К сожалению, при сделках с недвижимостью возможность настоящего
фейс-контроля есть только у продавца. Только он владеет всей полнотой
информации, покупатель довольствуется дарованными ему крохами.
Он должен верить на слово. На этом в 90-е делались большие деньги.

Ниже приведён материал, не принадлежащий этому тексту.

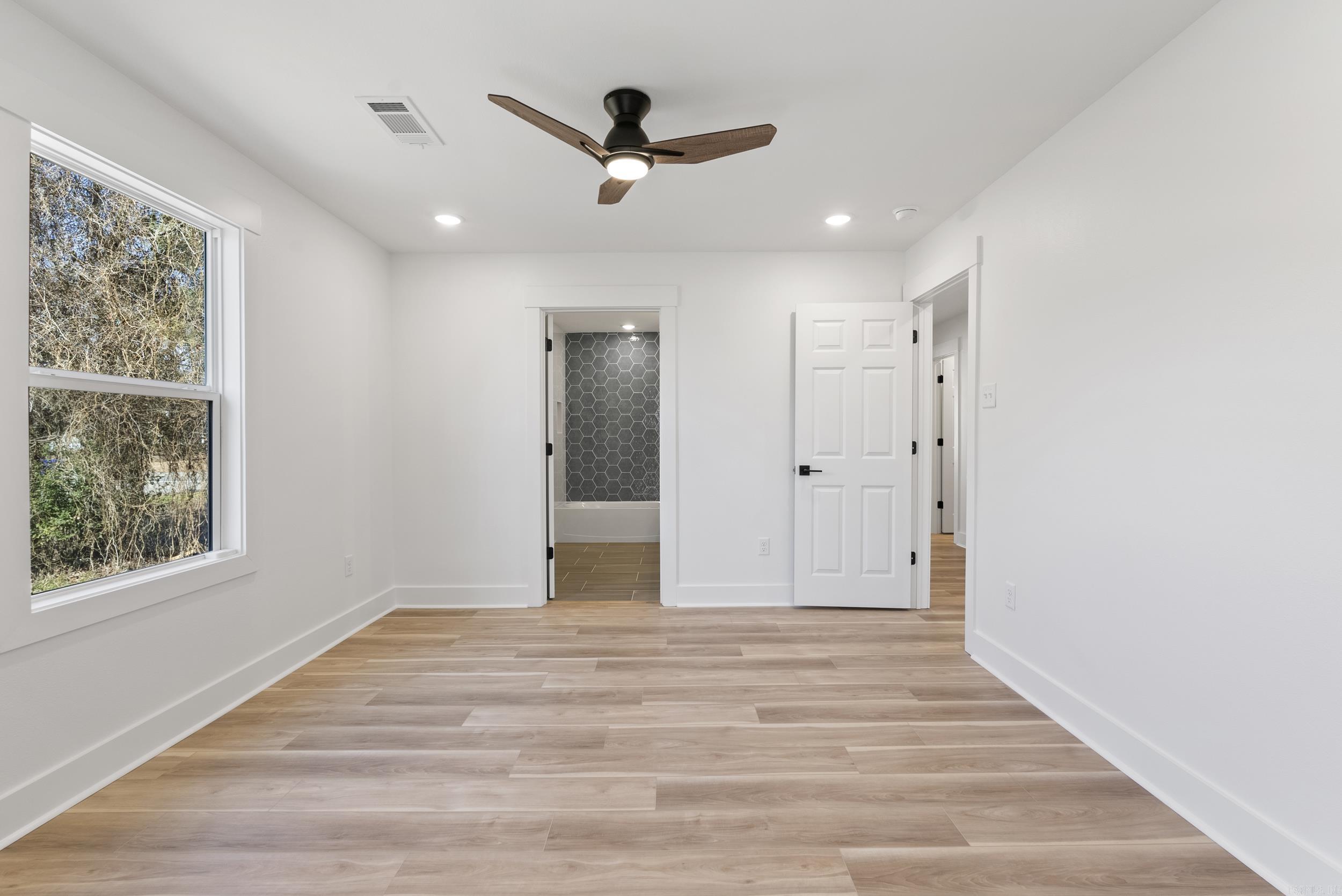 COLLEGE OAK ADDN - Residential
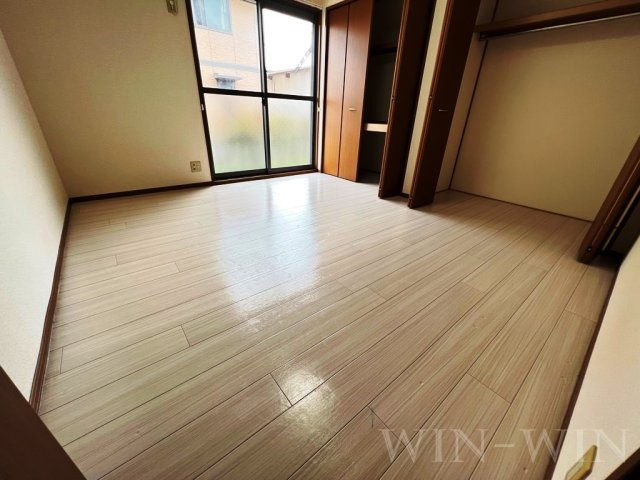 iホームTOWN 四番館の寝室|イメージ（同建物内・同間取りの写真）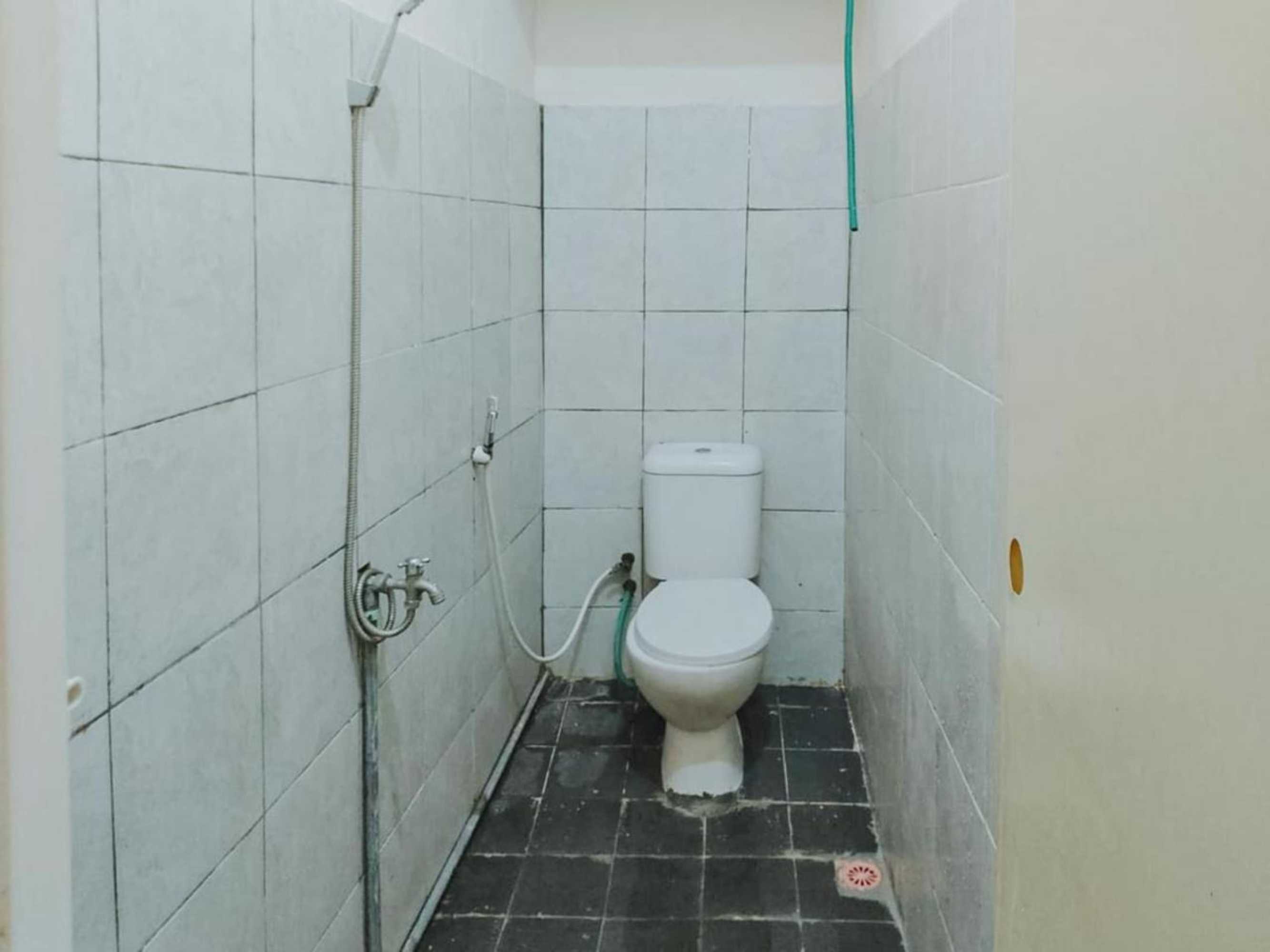 Gift card for De Luck Homestay Near Alun Alun Sidoarjo Mitra Reddoorz Gift card for De Luck Homestay Near Alun Alun Sidoarjo Mitra Reddoorz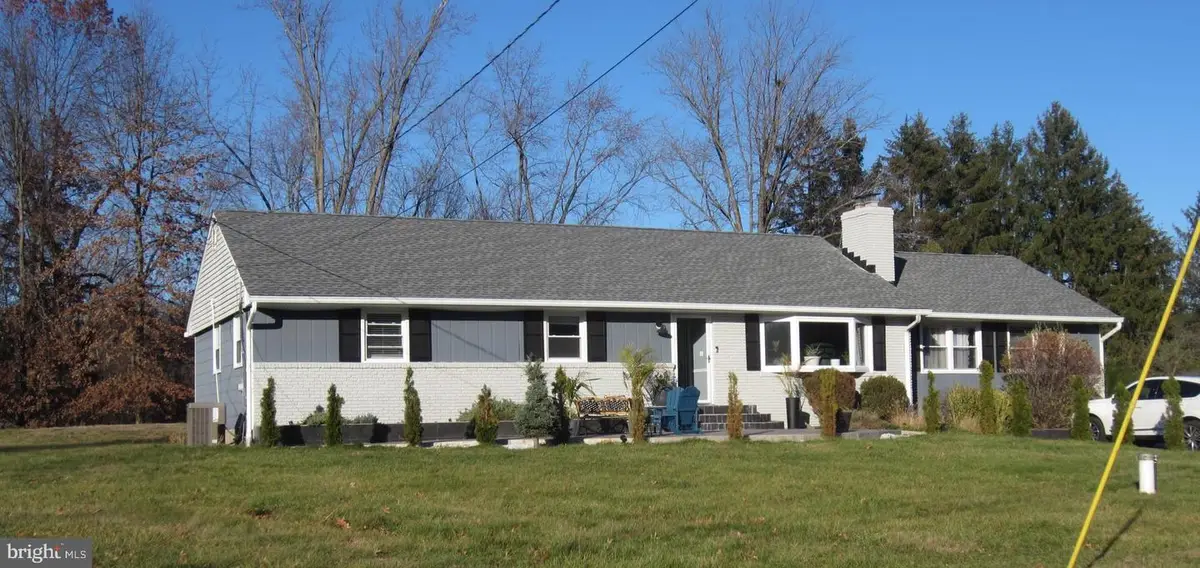 6 Morningside Dr, Pennington, NJ 08534 - Image #1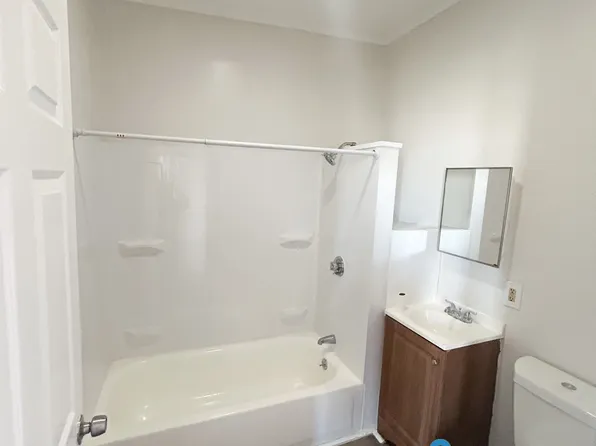 11 Worcester Pl #2, Holyoke, MA 01040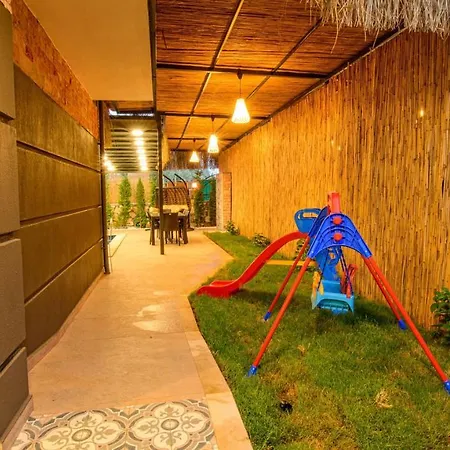 Soeguet 3 - 4 Bedroom With Jacuzzi In *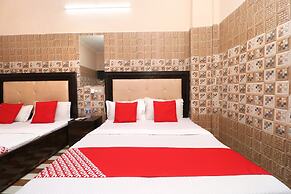 OYO 35497 Hotel Kapoor Residency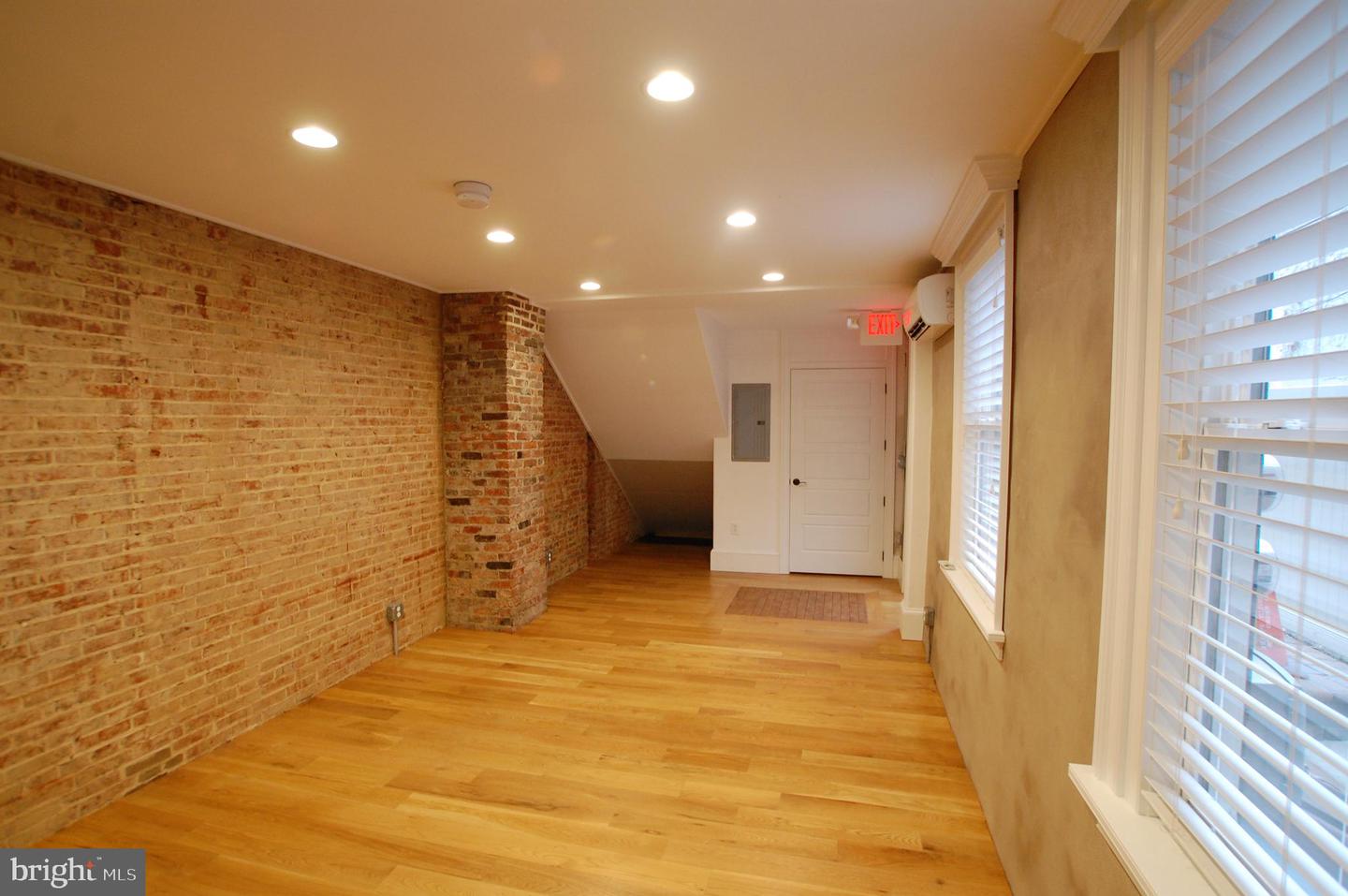 123 E Market St Property Photo 5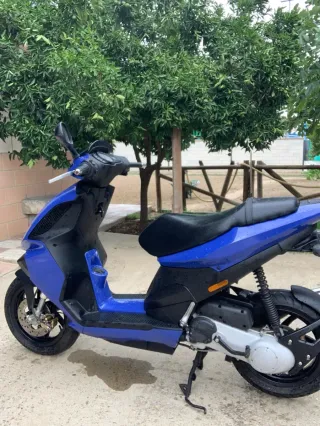 Piaggio NRG Power 50cc Azul año 2008 con 15000km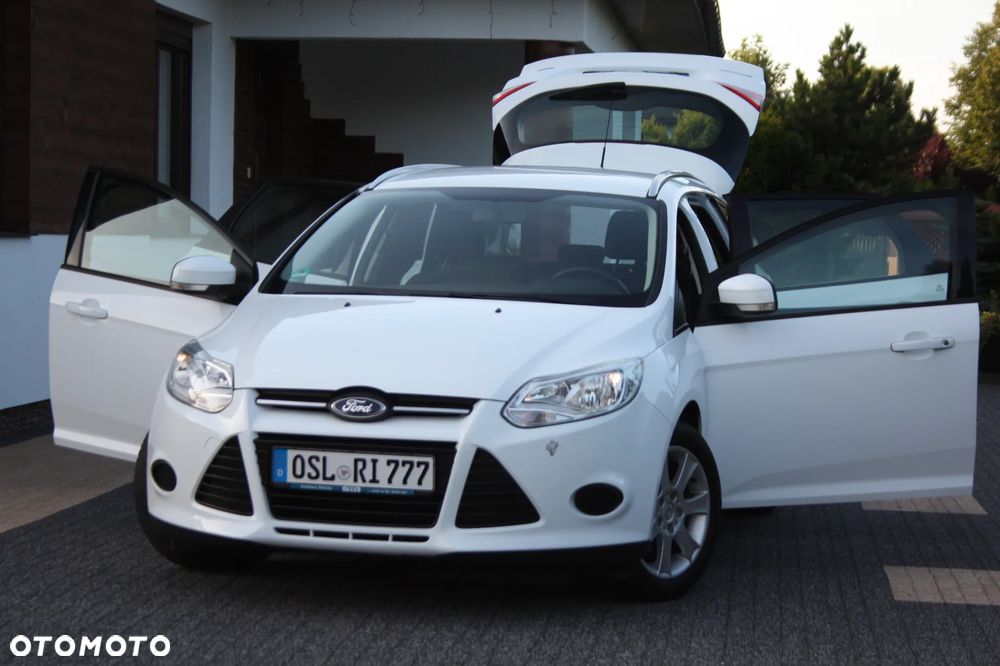 Ford Focus 1.0 EcoBoost Start-Stopp-System Champions Edition - 2
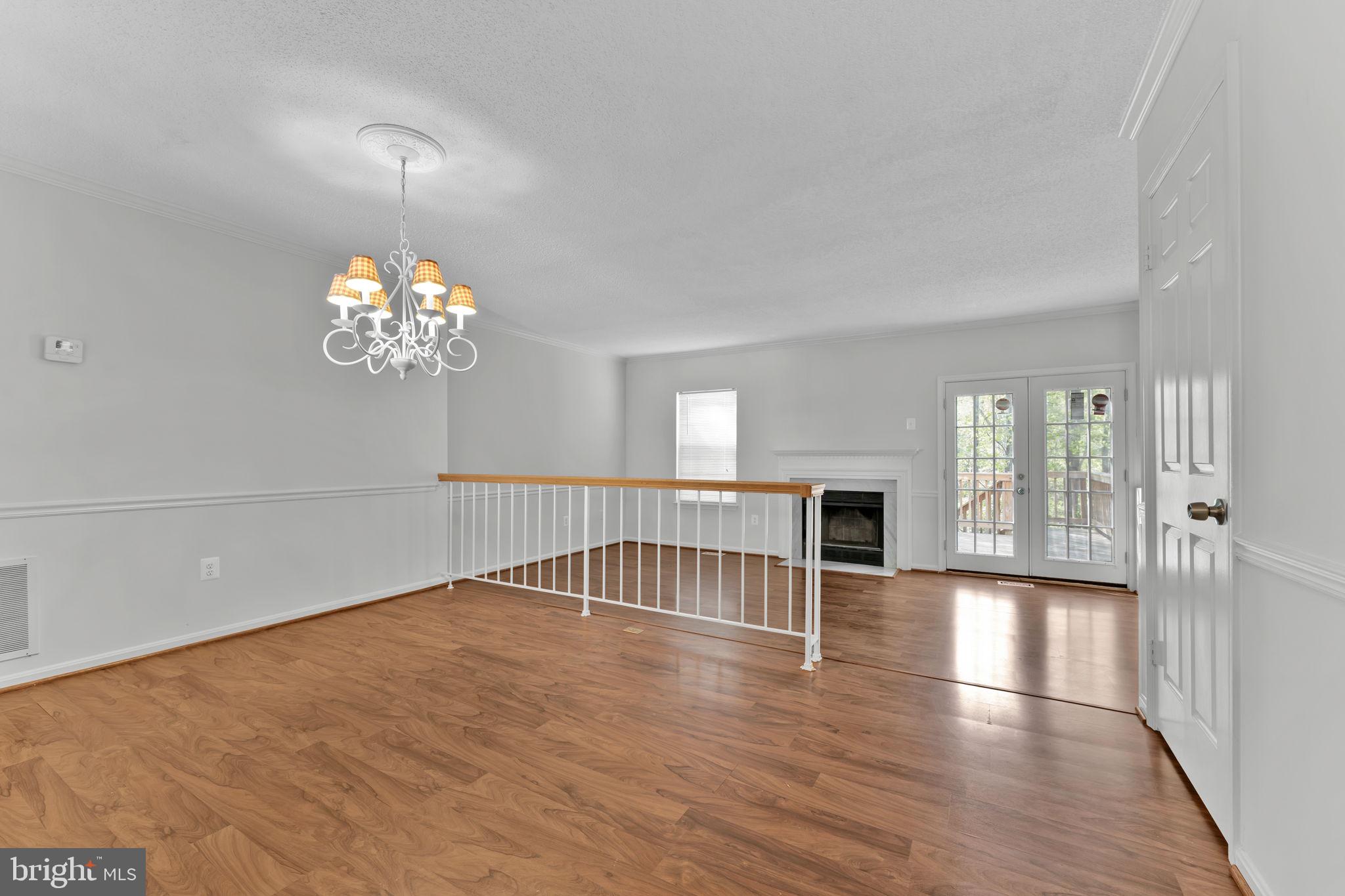 BURTONSVILLE - Residential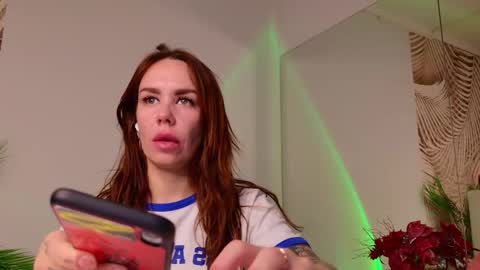 Anita online show from November 5, 2025, 10:48 am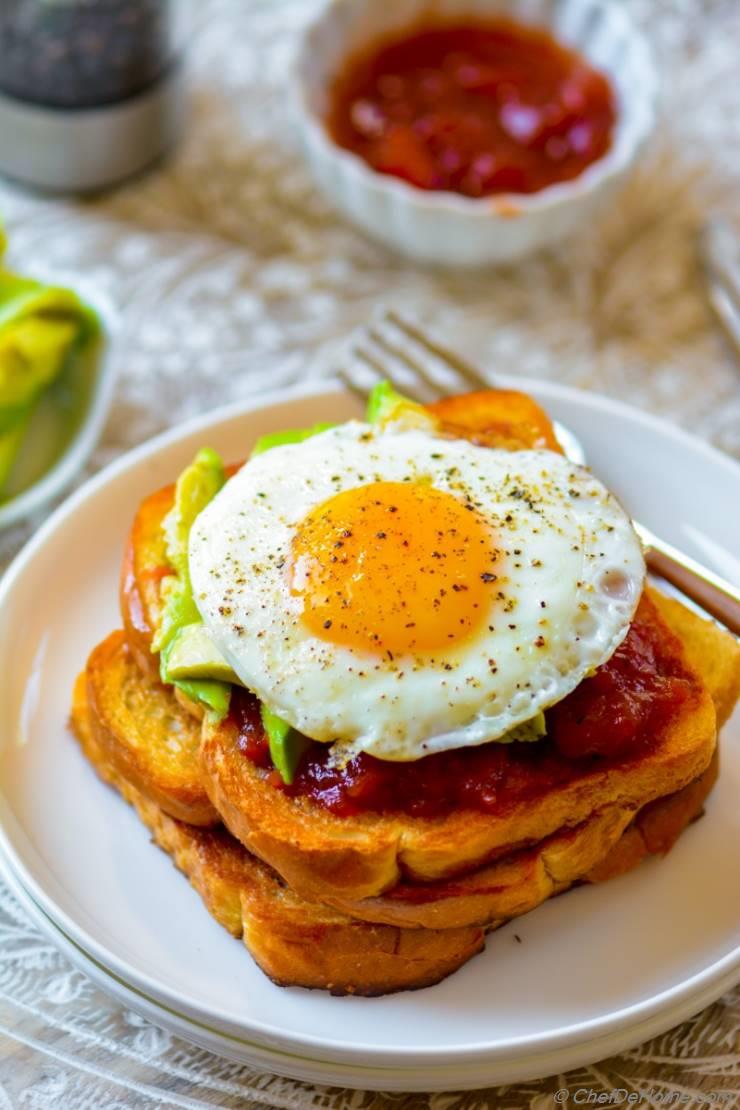 Avocado Fried Egg Toast with Tomato Jam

Среди бесчисленных «пирамид» были и квартирные. Из яркого мне
вспоминается «Северное товарищество», куда мои родители отнесли все
имевшиеся сбережения — они канули туда же, куда сгинули сбережения
вкладчиков «Чары», «Тибета», «Независимого нефтяного концерна» и прочих
финансовых институций того славного времени. Свежеиспеченные
потребители еще только озирались вокруг, нащупывая сильные и слабые
места новых возможностей, и, конечно, не понимали, что чудо вот просто
так произойти не может.
А как может, стало ясно в 1998-м, когда вместе со всем остальным рухнул
столичный — да и не только столичный — квартирный рынок. Это, конечно,
была история про черепки, тыкву и мышей, но наяву, зримая и очень
опасная. Очень. Потому что наряду с безусловными преимуществами новой
жизни: захотел — купил, расхотел — продал, — нам продемонстрировали
ее недостатки. Стоит отметить, что загородный рынок в тот год не упал
ни на доллар: русская земля устояла перед дефолтом. Но потребительское
поведение должно было измениться — в сторону большей осторожности,
более тщательного просчета рисков, в разумную сторону. И оно
изменилось. На пару лет. А потом пришла ипотека, прибыль
до 150 годовых, разбивка большого участка на маленькие с последующей
застройкой... Но это уже история про двухтысячные.